• _What to work on_: Repeat verbatim, and only, the lines of the data below, beginning at the line that contains "Vauxhall Meriva Life BN17 GTZ" and stopping after the line that contains "Damen shirt gestreift".

>>>

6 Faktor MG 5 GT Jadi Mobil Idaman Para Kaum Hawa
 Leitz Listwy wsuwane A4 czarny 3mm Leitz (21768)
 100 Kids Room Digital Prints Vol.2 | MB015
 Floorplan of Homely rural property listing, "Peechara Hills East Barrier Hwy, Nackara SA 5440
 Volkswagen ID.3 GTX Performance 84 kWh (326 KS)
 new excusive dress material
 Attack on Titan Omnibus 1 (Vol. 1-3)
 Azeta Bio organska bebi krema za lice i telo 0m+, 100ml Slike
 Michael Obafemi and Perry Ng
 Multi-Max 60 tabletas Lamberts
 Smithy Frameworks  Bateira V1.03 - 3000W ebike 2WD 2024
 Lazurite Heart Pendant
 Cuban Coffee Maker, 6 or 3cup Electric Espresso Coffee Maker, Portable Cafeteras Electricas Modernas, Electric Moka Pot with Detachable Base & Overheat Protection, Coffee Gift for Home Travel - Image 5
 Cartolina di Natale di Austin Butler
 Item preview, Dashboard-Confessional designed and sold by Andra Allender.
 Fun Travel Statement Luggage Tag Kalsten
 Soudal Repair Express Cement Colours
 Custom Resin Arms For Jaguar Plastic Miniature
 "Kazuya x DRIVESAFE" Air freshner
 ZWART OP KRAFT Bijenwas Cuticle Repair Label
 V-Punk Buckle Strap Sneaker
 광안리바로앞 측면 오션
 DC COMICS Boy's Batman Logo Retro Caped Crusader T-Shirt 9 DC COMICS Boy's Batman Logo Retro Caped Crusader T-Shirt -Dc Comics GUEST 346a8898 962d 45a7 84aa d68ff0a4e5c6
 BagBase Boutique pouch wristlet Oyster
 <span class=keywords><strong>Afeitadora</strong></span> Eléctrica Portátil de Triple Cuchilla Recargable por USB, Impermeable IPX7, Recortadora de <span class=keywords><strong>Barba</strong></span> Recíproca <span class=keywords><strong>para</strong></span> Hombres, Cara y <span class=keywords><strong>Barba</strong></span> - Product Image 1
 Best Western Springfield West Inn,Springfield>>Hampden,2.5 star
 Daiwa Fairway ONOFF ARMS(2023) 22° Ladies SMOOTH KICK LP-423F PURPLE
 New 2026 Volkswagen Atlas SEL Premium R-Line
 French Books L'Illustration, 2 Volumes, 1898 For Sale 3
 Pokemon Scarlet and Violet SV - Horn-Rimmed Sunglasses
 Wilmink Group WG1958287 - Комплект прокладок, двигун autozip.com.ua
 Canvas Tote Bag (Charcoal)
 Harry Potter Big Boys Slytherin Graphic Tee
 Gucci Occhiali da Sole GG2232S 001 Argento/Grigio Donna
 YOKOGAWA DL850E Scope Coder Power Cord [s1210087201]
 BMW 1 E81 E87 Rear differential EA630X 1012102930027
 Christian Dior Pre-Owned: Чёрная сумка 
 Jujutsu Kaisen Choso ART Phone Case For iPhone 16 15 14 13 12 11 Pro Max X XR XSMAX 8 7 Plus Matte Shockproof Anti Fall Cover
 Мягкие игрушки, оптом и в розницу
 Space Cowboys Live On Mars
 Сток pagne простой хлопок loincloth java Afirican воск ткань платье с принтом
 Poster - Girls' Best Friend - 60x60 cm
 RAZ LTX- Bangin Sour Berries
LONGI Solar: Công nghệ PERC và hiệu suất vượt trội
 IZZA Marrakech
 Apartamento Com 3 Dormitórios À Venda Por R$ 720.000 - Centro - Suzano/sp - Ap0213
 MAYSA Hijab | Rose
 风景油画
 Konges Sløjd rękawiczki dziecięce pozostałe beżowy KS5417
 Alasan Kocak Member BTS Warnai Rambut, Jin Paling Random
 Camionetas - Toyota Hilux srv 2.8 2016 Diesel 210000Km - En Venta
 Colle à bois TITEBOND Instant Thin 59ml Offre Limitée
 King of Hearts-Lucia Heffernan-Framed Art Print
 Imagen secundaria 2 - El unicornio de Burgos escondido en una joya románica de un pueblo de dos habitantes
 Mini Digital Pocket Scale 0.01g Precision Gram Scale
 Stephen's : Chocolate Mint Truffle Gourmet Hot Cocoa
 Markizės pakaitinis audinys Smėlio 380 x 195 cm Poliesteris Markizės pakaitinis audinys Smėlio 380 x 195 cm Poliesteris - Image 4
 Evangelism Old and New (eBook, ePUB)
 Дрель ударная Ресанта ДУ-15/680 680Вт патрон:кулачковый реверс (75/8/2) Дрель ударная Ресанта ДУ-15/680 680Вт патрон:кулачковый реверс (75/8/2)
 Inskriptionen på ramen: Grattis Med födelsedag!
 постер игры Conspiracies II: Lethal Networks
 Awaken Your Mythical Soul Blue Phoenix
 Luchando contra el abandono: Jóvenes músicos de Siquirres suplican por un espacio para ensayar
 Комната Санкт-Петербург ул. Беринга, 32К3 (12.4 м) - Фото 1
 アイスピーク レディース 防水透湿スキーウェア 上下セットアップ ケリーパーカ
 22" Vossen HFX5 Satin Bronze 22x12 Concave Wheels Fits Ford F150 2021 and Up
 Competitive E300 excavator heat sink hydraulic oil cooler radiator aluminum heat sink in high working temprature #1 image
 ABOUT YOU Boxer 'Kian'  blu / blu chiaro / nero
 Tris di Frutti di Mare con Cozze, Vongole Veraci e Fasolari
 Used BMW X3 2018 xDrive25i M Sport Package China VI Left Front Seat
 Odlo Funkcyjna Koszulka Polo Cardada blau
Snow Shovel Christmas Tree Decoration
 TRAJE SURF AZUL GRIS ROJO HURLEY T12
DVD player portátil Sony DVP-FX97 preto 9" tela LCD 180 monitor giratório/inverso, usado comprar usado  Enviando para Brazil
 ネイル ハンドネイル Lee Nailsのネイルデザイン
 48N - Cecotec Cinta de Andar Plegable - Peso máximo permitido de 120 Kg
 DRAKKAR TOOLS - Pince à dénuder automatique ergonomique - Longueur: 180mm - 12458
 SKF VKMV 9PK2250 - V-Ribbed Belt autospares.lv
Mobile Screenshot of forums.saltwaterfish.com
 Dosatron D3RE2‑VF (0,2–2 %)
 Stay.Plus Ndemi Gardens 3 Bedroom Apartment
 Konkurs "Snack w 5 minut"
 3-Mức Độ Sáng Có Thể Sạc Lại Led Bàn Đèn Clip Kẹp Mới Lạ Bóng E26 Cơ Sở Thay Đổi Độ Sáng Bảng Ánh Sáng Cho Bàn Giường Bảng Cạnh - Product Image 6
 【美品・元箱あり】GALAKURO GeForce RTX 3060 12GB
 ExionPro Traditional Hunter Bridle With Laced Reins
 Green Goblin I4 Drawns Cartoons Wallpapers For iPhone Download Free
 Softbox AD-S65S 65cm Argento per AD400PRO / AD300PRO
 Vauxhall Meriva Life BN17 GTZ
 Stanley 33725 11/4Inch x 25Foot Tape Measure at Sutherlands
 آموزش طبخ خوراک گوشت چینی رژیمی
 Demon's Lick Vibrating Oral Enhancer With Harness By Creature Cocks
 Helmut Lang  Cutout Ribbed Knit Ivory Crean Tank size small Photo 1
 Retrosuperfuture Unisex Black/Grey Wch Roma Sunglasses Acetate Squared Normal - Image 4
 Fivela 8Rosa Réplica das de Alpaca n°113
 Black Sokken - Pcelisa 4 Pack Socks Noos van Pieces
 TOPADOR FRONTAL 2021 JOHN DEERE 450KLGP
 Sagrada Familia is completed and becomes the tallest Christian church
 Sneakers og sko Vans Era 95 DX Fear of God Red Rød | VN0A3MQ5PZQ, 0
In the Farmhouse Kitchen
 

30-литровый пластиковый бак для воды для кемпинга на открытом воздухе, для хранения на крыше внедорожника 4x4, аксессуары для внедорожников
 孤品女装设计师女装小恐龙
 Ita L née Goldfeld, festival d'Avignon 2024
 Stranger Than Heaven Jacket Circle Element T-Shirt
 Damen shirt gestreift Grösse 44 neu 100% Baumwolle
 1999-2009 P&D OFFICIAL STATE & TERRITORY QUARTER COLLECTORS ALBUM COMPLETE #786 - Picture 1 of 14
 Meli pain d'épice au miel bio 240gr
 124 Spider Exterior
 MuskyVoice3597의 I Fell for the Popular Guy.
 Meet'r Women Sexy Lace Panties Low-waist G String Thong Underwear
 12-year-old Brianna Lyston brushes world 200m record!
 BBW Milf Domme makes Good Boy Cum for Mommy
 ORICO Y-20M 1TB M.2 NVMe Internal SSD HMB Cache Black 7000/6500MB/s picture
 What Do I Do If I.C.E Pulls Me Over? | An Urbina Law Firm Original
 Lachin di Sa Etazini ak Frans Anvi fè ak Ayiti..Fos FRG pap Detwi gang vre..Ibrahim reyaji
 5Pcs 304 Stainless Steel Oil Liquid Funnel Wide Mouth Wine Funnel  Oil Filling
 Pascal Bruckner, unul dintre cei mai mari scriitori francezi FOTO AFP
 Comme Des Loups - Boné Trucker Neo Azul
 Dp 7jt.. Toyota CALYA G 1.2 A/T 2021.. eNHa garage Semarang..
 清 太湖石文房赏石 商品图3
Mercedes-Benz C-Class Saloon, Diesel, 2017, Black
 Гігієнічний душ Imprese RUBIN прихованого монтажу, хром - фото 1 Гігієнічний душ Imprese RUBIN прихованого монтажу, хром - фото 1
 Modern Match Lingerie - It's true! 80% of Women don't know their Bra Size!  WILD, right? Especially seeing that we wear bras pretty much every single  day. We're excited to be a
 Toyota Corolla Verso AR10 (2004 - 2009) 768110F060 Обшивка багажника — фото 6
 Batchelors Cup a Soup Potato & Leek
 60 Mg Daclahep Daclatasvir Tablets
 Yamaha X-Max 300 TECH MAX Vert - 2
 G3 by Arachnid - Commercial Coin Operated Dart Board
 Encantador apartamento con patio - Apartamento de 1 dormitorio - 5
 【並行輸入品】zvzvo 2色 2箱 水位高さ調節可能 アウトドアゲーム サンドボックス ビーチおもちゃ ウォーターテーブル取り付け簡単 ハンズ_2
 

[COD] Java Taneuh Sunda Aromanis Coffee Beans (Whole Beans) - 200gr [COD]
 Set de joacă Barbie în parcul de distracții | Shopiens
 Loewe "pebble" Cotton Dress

<<<

• _Answer box_:
 Vauxhall Meriva Life BN17 GTZ
 Stanley 33725 11/4Inch x 25Foot Tape Measure at Sutherlands
 آموزش طبخ خوراک گوشت چینی رژیمی
 Demon's Lick Vibrating Oral Enhancer With Harness By Creature Cocks
 Helmut Lang  Cutout Ribbed Knit Ivory Crean Tank size small Photo 1
 Retrosuperfuture Unisex Black/Grey Wch Roma Sunglasses Acetate Squared Normal - Image 4
 Fivela 8Rosa Réplica das de Alpaca n°113
 Black Sokken - Pcelisa 4 Pack Socks Noos van Pieces
 TOPADOR FRONTAL 2021 JOHN DEERE 450KLGP
 Sagrada Familia is completed and becomes the tallest Christian church
 Sneakers og sko Vans Era 95 DX Fear of God Red Rød | VN0A3MQ5PZQ, 0
In the Farmhouse Kitchen
 

30-литровый пластиковый бак для воды для кемпинга на открытом воздухе, для хранения на крыше внедорожника 4x4, аксессуары для внедорожников
 孤品女装设计师女装小恐龙
 Ita L née Goldfeld, festival d'Avignon 2024
 Stranger Than Heaven Jacket Circle Element T-Shirt
 Damen shirt gestreift Grösse 44 neu 100% Baumwolle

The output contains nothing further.